Friday, September 28, 2012
Multitasking in class
An article in Faculty Focus caught my attention a couple of days ago, Students Think They Can Multitask. Here’s Proof They Can’t. I find the whole multitasking concept as tiresome as digital natives and dividing up humanity in tidy generations (X, Y, Z whatever) but this article raises more questions than it answers. It refers to several academic studies showing how students who multitask
retained less from a lecture than those who had no distractions.
"With easy access to all sorts of technology, students multitask. So do lots of us for that matter. But students are way too convinced that multitasking is a great way to work. They think they can do two or three tasks simultaneously and not compromise the quality of what they produce. Research says that about 5% of us multitask effectively. Proof of the negative effects of multitasking in learning environments is now coming from a variety of studies."

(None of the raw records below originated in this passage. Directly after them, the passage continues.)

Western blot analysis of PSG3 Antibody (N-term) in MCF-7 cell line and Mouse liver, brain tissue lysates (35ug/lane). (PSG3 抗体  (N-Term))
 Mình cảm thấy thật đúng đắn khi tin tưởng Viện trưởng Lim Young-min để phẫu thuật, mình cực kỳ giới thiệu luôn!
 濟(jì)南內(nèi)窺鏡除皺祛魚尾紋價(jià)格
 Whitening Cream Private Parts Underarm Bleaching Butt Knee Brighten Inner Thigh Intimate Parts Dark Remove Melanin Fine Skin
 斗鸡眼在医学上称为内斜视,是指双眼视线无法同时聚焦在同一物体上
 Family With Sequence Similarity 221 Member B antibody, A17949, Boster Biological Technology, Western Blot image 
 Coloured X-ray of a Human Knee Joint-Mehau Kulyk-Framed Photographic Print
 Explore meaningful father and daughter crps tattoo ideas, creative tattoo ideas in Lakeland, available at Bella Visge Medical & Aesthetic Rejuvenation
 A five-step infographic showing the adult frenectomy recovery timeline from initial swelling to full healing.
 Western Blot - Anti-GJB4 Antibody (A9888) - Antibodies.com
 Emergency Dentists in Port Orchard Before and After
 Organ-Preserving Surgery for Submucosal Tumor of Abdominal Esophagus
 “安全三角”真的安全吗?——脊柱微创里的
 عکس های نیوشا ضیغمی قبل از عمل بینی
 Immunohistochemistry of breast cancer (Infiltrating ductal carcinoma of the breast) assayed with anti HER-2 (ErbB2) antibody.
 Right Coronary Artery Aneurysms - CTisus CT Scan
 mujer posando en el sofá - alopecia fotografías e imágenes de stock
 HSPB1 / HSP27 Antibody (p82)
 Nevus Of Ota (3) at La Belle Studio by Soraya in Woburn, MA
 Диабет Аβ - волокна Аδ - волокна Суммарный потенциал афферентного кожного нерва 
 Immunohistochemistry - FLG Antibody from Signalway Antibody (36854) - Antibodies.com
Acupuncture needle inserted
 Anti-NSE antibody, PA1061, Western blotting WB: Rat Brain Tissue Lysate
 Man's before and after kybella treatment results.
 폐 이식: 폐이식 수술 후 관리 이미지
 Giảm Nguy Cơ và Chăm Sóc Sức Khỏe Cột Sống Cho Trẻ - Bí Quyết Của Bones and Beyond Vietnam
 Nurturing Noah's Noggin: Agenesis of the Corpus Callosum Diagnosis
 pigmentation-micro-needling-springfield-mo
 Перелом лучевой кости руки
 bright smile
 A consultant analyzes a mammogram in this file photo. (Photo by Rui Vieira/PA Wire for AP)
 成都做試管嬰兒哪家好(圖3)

While I agree that it's good to burst the bubble that people can work effectively whilst multitasking it's interesting that nearly all the studies look at multitasking during lectures. Why do people multitask during a lecture? Since it's mostly one-way communication students often switch off and are easily distracted. Whether they get distracted by checking Facebook, web sites, games etc or resort to analogue distractions such as doodling, writing letters, reading the paper or solving a crossword makes no difference. This isn't a new phenomenon at all but computers and mobiles just offer more enticing distractions.
Any situation where students or colleagues are forced to sit passively listening for long periods will cause many to switch off. If you're not actively involved in the session you will check your messages and news and if you don't have a computer handy you will start to daydream or plan a future event. This has nothing to do with multitasking. I'd like to see studies that reveal how little multitasking takes place when students are fully involved in a learning situation and are taking responsibility for their learning.
People don't multitask simply because the distractions are available. They multitask when the current activity is not sufficiently interesting and they have no active role to play.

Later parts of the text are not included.